Rozmawiałem z premierem Polski Donaldem Tuskiem. Przekazałem szczegóły naszej pracy dyplomatycznej ze Stanami Zjednoczonymi i Europą. Dla nas ważne jest, aby wszyscy partnerzy, którzy są z nami od początku tej wojny, byli na bieżąco informowani o sytuacji. Koordynujemy działania, aby Europa była włączona w ten proces – napisał Zełenski na portalach społecznościowych.
Rozmowa z premierem Tuskiem miała również podkreślić rolę Polski jako jednego z filarów wsparcia dla Ukrainy. Zełenski wyraził wdzięczność zarówno wobec polskiego rządu, jak i całego społeczeństwa:
Dziękuję panu premierowi oraz całemu narodowi polskiemu za wsparcie. Wiemy, że zawsze możemy liczyć na Polskę i bardzo to cenimy.

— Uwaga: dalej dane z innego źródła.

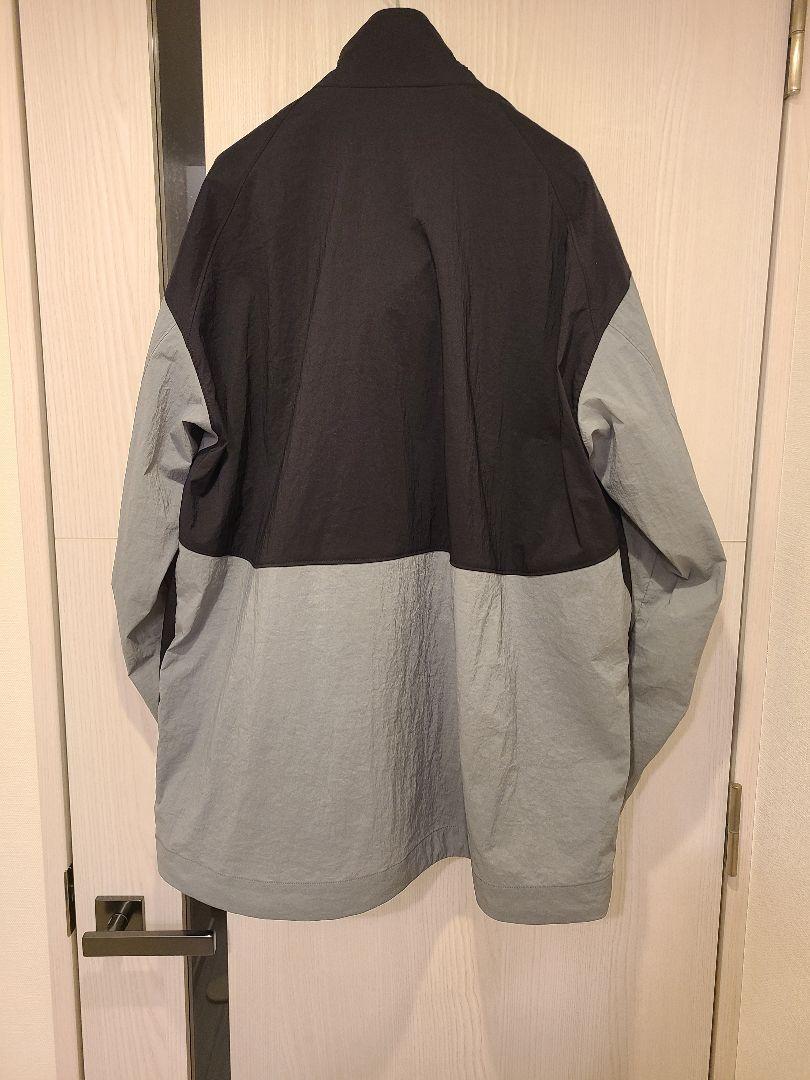 DESCENTE ALLTERRAIN 81 / 31-TYPE WB | gulatilaw.com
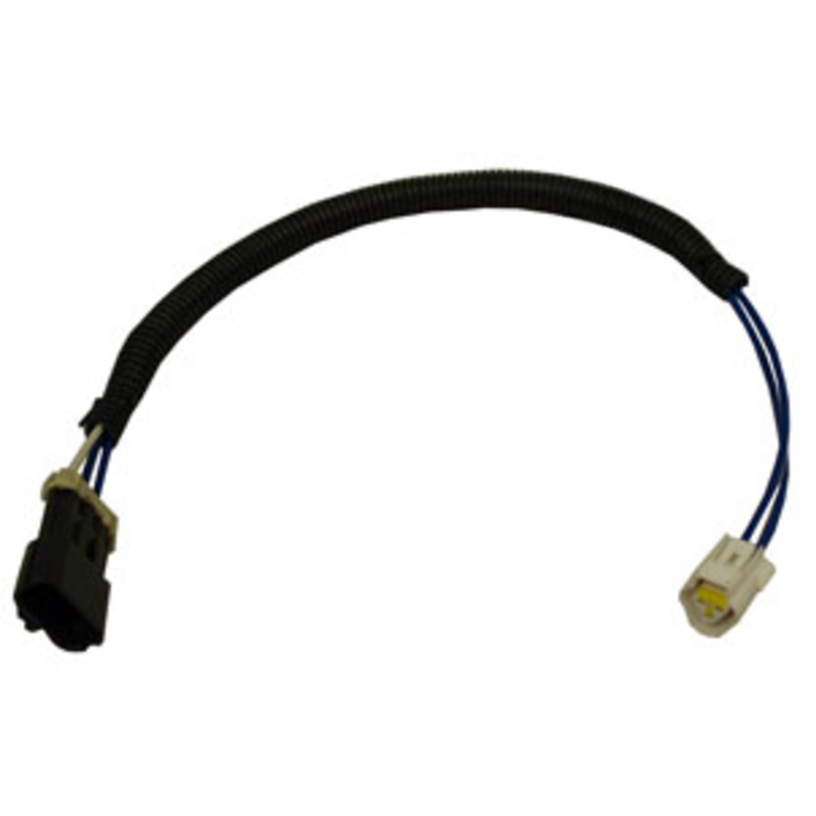 BSM 660746 WIRE HARNESS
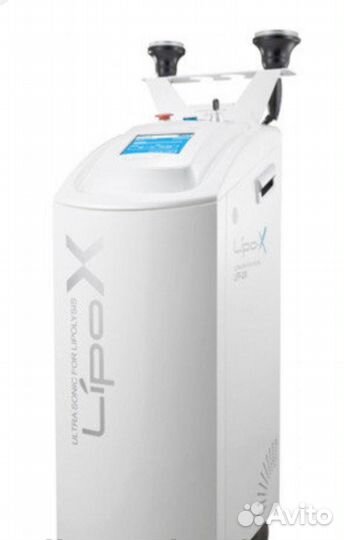 Lipo-x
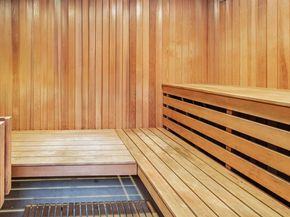 8975 Alcosta 104, San Ramon CA 94583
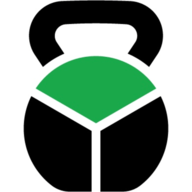 Logo de FITNESS HOME CENTER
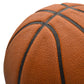 Meteor Cellular 7 Training Basketball Brown In preparation Your Sports Performance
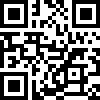 https://azc.abna24.com/xd7YB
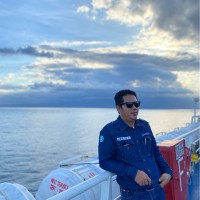 Gumilar Sugandi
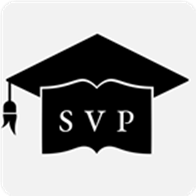 ��ټƻ��ֻ�app�������-��ټƻ� v3.01 �ֻ���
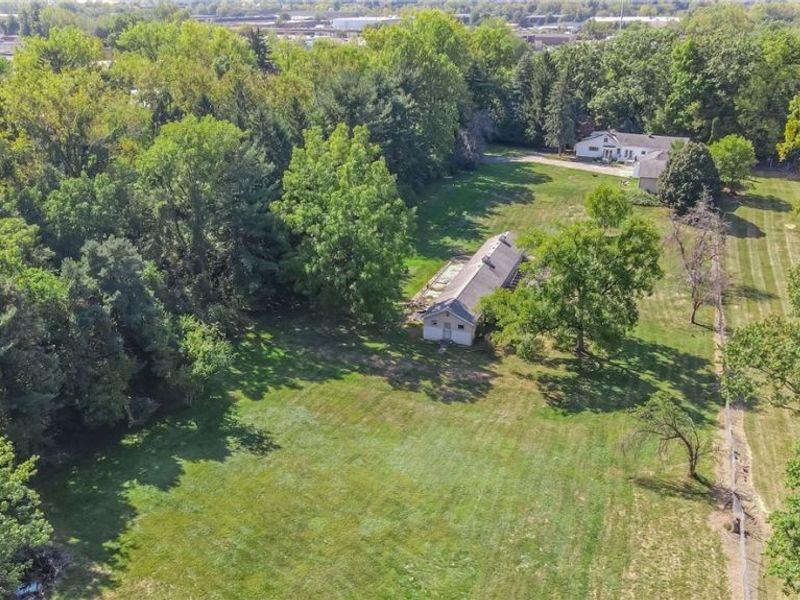 4559 Van Epps Road, Brooklyn Heights, OH 44131 Photo 4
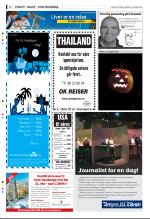 bergenstidende_del2-20071031_000_00_00_026.pdf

Premier Donald Tusk w swoim wpisie zaznaczył, że przedstawione przez prezydenta Zełenskiego stanowisko dotyczące amerykańskiego planu zakończenia wojny wymaga konsultacji z polskim rządem. Podkreślił jednocześnie, że Rosja nie może dyktować warunków ani Ukrainie, ani Europie.
Przed chwilą Wołodymyr Zełenski w rozmowie telefonicznej przedstawił swoje stanowisko wobec amerykańskiej propozycji pokojowej. Wymaga ona wspólnej pracy. Rosja nie może narzucić Ukrainie i Europie swoich warunków. Wszystko, co dotyczy Polski, musi być uzgodnione z polskim rządem - czytamy.